Issue (i): Whether a writ petition under Article 226 was maintainable to challenge the election to the Executive Board when the statute provided a specific election-petition remedy.
Analysis: The statutory scheme governing disputes concerning election to the Committee incorporated, through Section 31 of the Delhi Sikh Gurdwaras Act, the election-dispute machinery of the Delhi Municipal Corporation Act. That scheme provided a complete remedy by way of election petition for questioning an election. The dispute raised was essentially factual, turning on whether confusion had been created regarding the date of the meeting and whether some members were thereby prevented from participating. Such a controversy required evidence and was suitable for determination in the statutory forum rather than in writ jurisdiction.
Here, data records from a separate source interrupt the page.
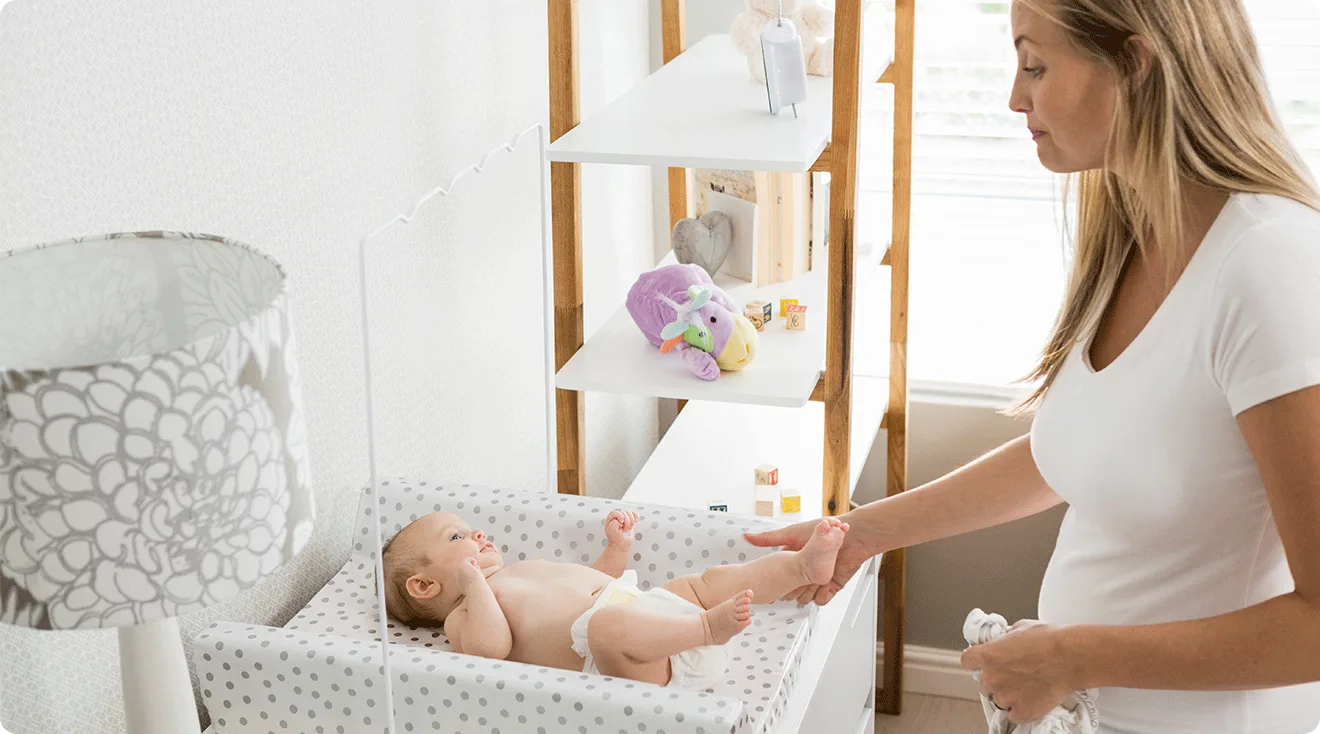 mom changing baby's diaper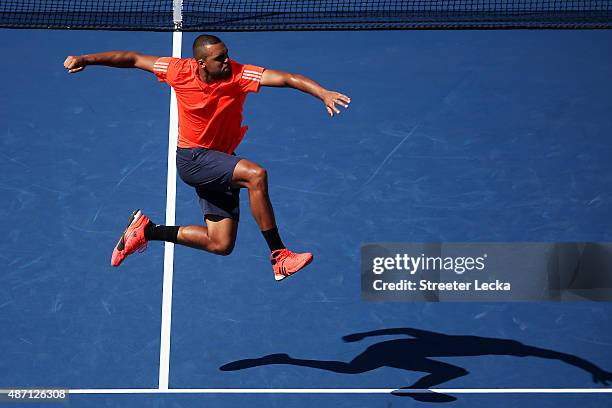 Jo-Wilfried Tsonga of France celebrates after defeating Benoit Paire of France during their Men's Singles Fourth Round match on Day Seven of the 2015...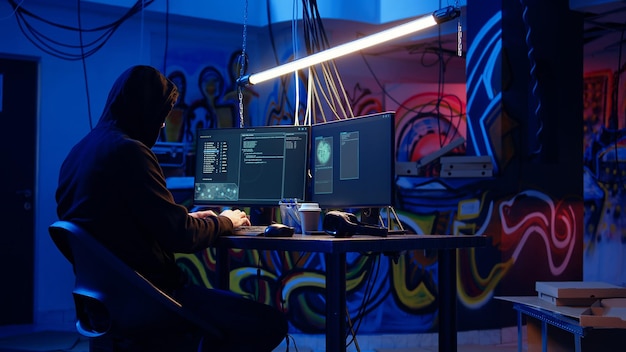 Hombre encapuchado en escondite subterráneo hackeando computadoras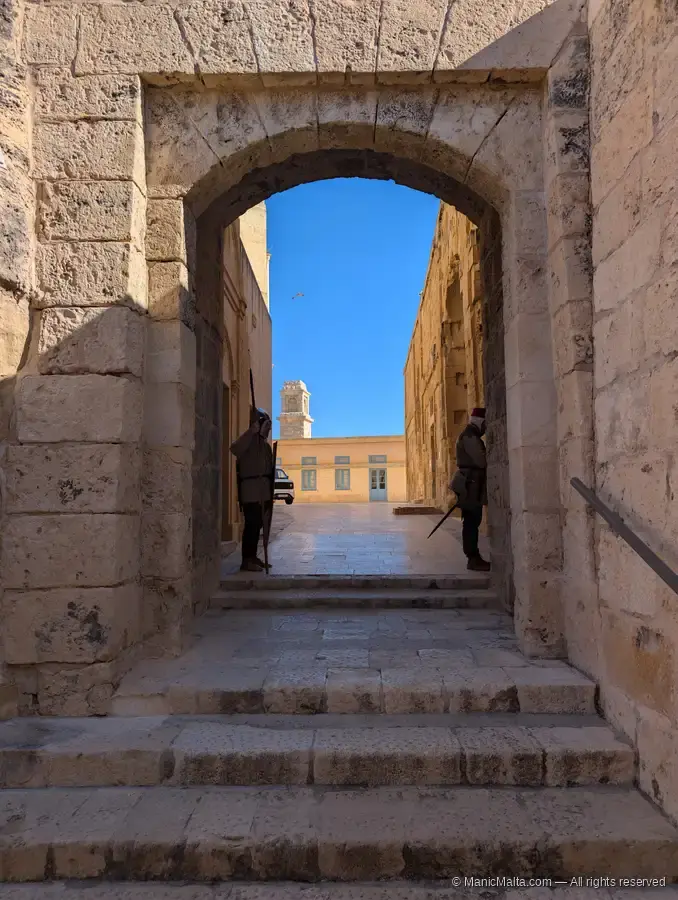 View through a high stone archway with steps inside Fort St Angelo, with two costumed soldier figures standing on either side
No exceptional or extraordinary circumstance was shown to justify bypassing the statutory remedy.
Conclusion: The writ petition was not maintainable on this ground, and the challenge to the election ought to have been pursued by election petition.
Issue (ii): Whether the writ petition was incompetent for non-joinder of the newly elected office-bearers who would be directly affected by the relief sought.
Analysis: The newly elected office-bearers had already taken charge and were functioning, yet they were not impleaded as parties. The relief sought would have directly divested them of office. A writ petition that affects persons vitally and directly must implead such persons, or at least represent them appropriately if joinder individually is impracticable. Since the petitioners did not join the newly elected office-bearers, the petition suffered from a fatal defect of non-joinder of necessary parties.
Conclusion: The writ petition was incompetent on account of non-joinder of necessary parties.
Final Conclusion: The election challenge could not be entertained in writ jurisdiction and also failed for want of necessary parties, so the relief granted by the High Court could not stand.
Ratio Decidendi: Where a statute provides a specific election-petition remedy for election disputes, writ jurisdiction should not be invoked for resolving a factual election controversy, and relief affecting elected office-bearers cannot be granted unless they are impleaded as necessary parties.